Thursday, January 6, 2005

So Giblets is sitting down in front of the library TV with a box of commandeered Cheezoids to enjoy the intellectual repaste that is CNN's Crossfire when he sees a news item telling him that soon there will BE no Crossfire! Outrage, perfidy, treason! What will replace it? Coverage of actual news? Can you even CALL it "news" without whack-a-mole sound effects, cartoonish repetition of talking points and a prompted studio audience? Delirium, lunacy, madness!

Oh sure, maybe if CNN does more reporting and less commenting it will "inform the public" more. But what does informing the public have to do with journalism? Tucker Carlson is a "great journalist" and he's spent the last five years making dingle bell noises at Paul Begala. But he did it with a trademark smarm and overpowering obnoxiousness that left Giblets coming back for more!

Journalism isn't supposed to tell Giblets what's going on. It's supposed to entertain him! So Crossfire had crap ratings.
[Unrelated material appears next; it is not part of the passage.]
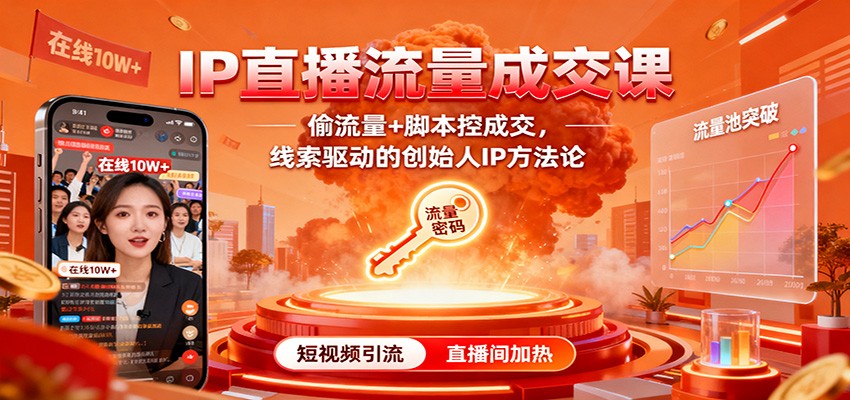 IP直播流量成交课：偷流量+脚本控成交，线索驱动的创始人IP方法论-鹰眼AI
That's nothing a little back-to-basics reporter gumption can't fix! Change the format a little - a mud pit instead of a desk, Begala and Novak rolling on the ground in speedos, James Carville oiled and naked wrestling a greased pig! Now THAT'S the Fourth Estate!

But CNN has forfeited its journalistic integrity and thus its hold upon Giblets! His eyes are now only fit for serious news shows now such as Fox News, Hardball, Scarborough Country, and Girls Gone Wild: America Uncovered. Animus, umbrage, fie!